* _WORK INSTRUCTION_
The line with "Faux Turquoise Woven" marks the first line to copy, and the line with "GPM aluminium front" marks the last. Transcribe that stretch of the data below exactly, without pictures.

* _DATASET ENTRIES_
________________________________________
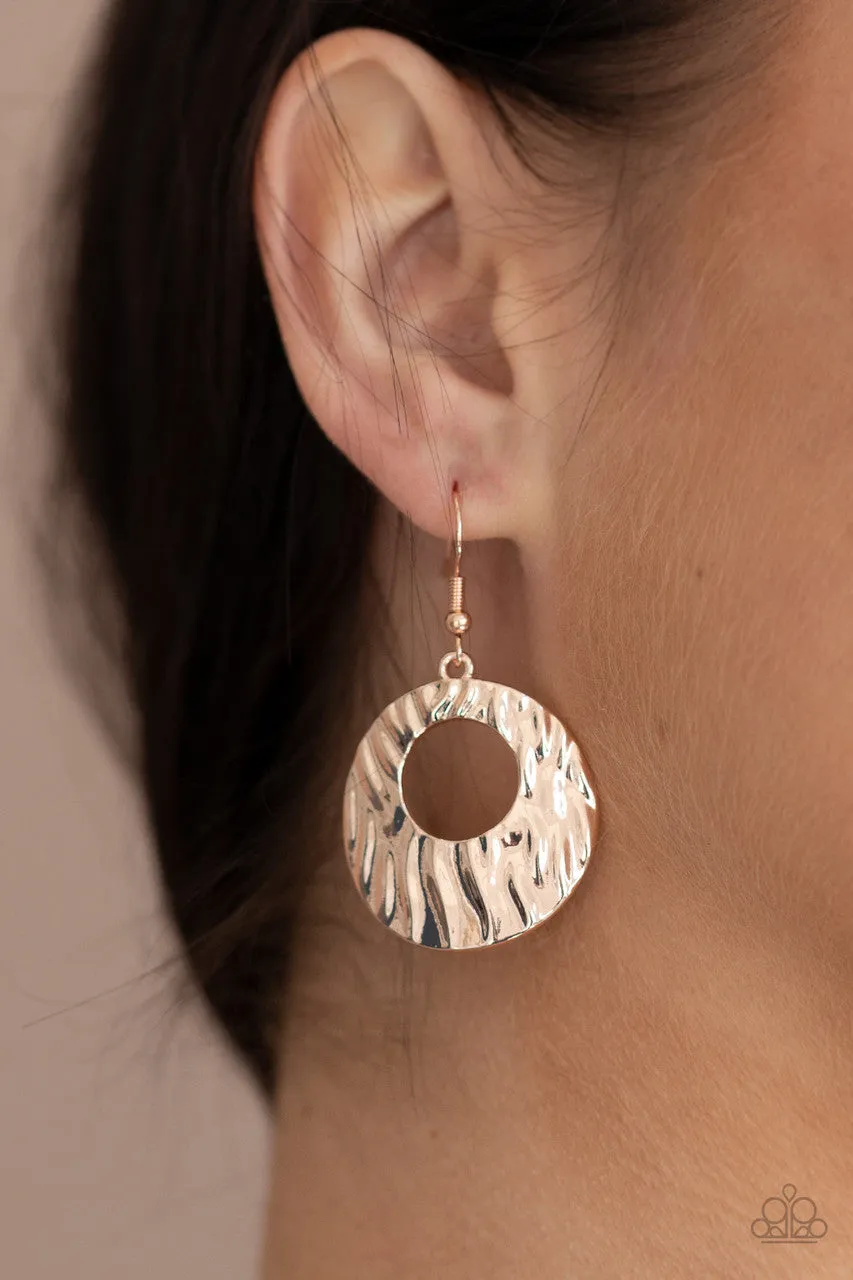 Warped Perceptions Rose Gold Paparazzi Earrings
________________________________________
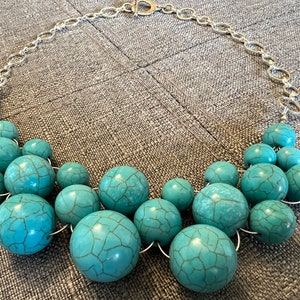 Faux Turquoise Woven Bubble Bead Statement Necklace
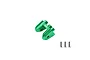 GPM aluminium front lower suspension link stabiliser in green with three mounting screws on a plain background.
________________________________________
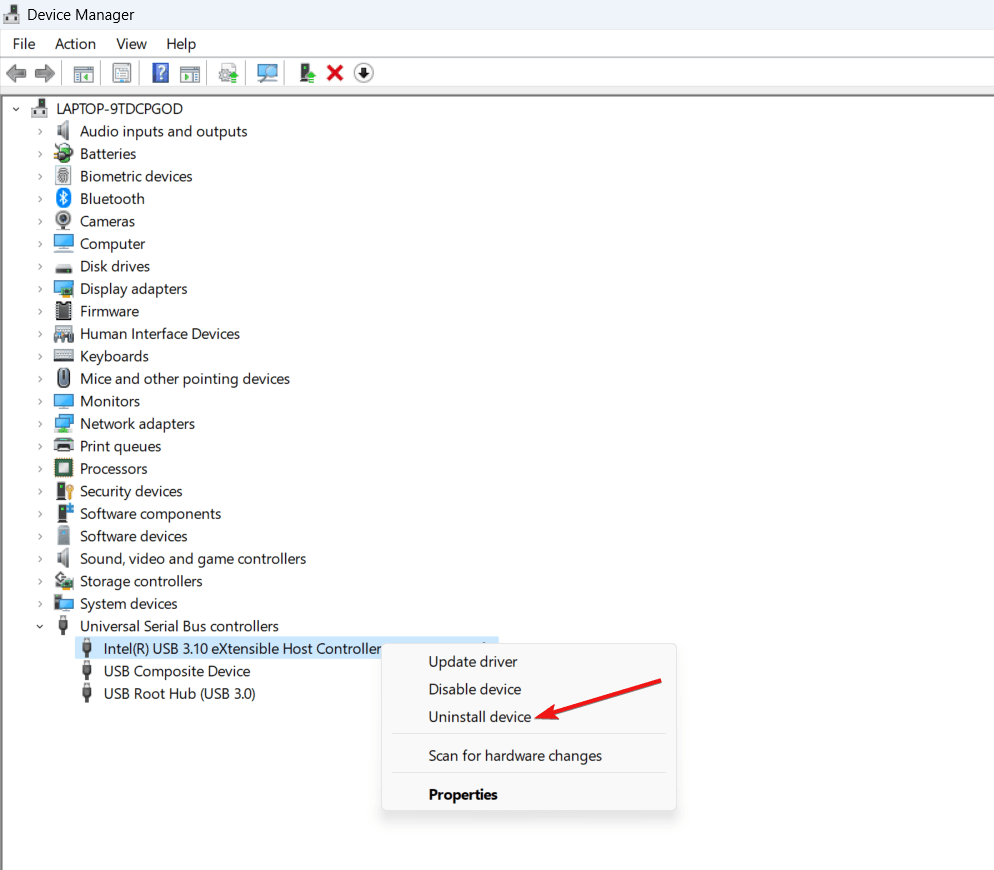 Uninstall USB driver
________________________________________
* _SOLUTION BELOW_
 Faux Turquoise Woven Bubble Bead Statement Necklace
 GPM aluminium front lower suspension link stabiliser in green with three mounting screws on a plain background.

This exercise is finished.